February 2022 Trade news

Bud Light Next, the first zero-carb beer from Anheuser-Busch, goes on sale nationwide on February 7. Bud Light Next is the “next generation of light beer for the next generation of beer drinkers,” said Andy Goeler, vice president of marketing for Bud Light. The new beer, announced last summer, is aimed at younger legal drinking age consumers like Gen Zers who are looking for a similar nutritional makeup to hard seltzer along with the flavor of beer.

Heineken 0.0 is fresh off another strong year of double-digit growth, with a 30% increase in 2021, according to the brewer. Heineken 0.0 sold 2.5 mil cases in 2020 and is expecting the final 2021 numbers to be nearly 3.3 mil cases. In tracked off-prem data, it became 78th largest beer brand by $ overall, per 2021 national IRI multi-outlet + convenience data.  

2021 ended on a high note industry wide according to IRI. The week that ended December 26, 2021 reached the second highest bev alc sales week ever, just behind the Fourth of July, 2020. Total bev alc sales were up 1% vs. a year ago and up 12% vs. 2019 for the Christmas week, reaching about $1.66 billion. Breaking that down by IRI category measured channels: total wine sales were up 1.6% for the week compared to 2020; spirits sales were up 4.7%; while beer sales were flat dropping -0.6%.

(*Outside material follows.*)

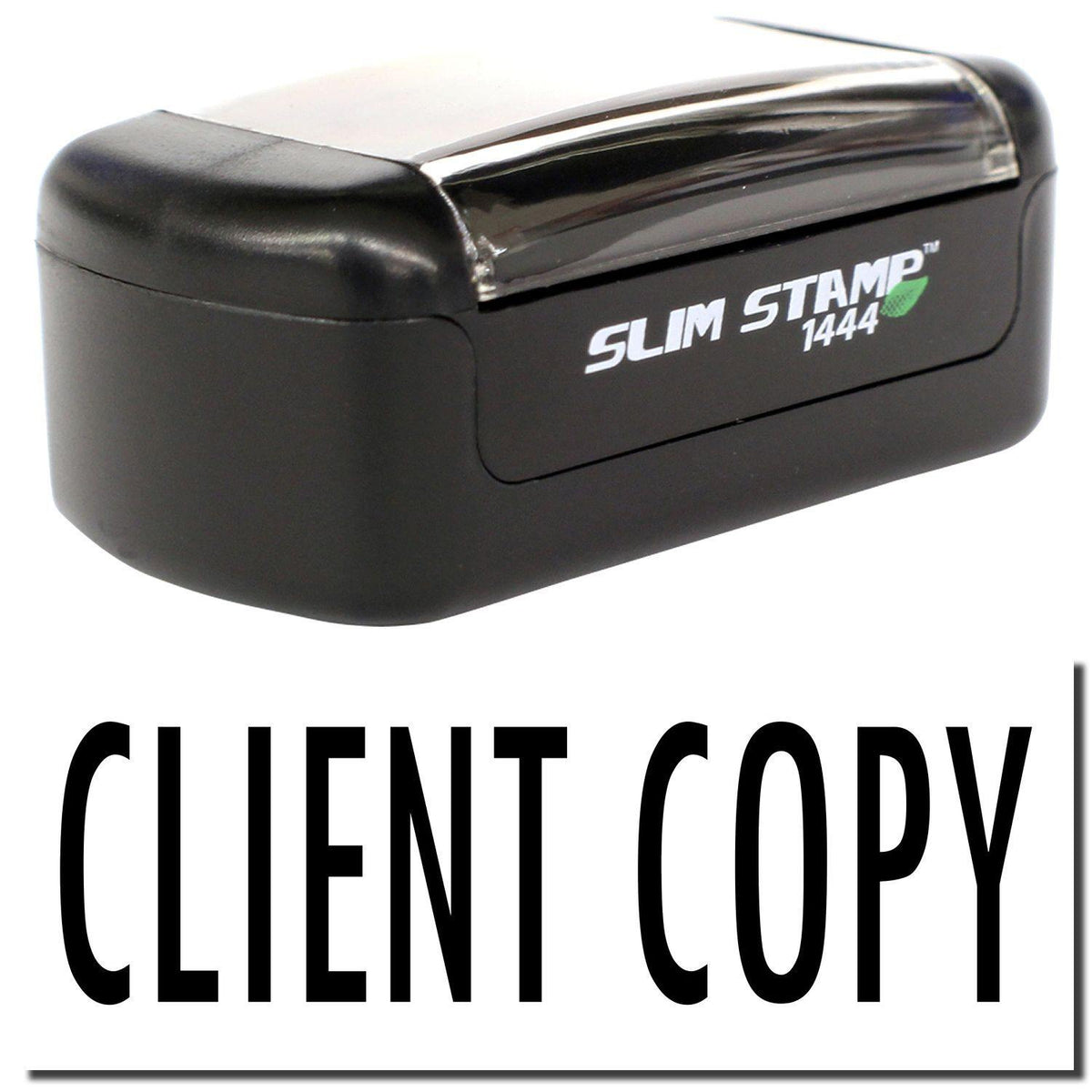 A stock office pre-inked stamp with a stamped image showing how the text &quot;CLIENT COPY&quot; is displayed after stamping.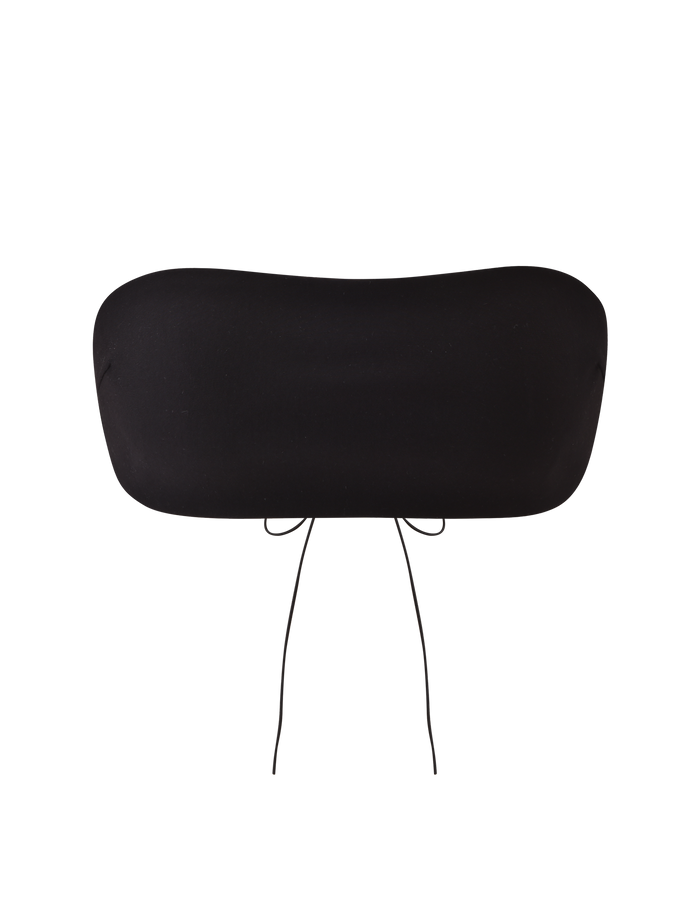 The TIGERMIST PILAR BANDEAU - BLACK is a strapless, cropped bandeau top with thin adjustable front ties and a lace-up back, shown on a plain white background.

Packaged product has taken on new importance during the pandemic for brewers, and cans have become the preferred packaged format for beer makers. However, this has also resulted in supply-chain issues. Last November, the Ball Corp., the world’s biggest manufacturer of aluminum beverage cans, sent a letter explaining a new 1 million minimum can order requirement starting in January 2022, for non-contracted customers. Due to various concerns, that deadline has been pushed back three more months. 

California’s wine industry lost more than $250 million in value last summer because of crushing supply chain disruptions at West Coast ports, a new economic report reveals. A study by UC Davis researchers issued late last year found overall state agricultural exports fell by $2.1 billion from May to September because of difficulties obtaining shipping containers. That’s about a 17% decrease and exceeded losses from the 2018 trade war with China. 

According to The IWSR, hard kombucha volumes in North America grew over +175% over 2020, with the drinks market analysis firm predicting the category will continue to expand +75% by 2025. The most recent example of that growth comes with the news that Flying Embers, a line of hard kombuchas and premium hard seltzers, has raised $20 million in a Series C funding round led by Beam Suntory.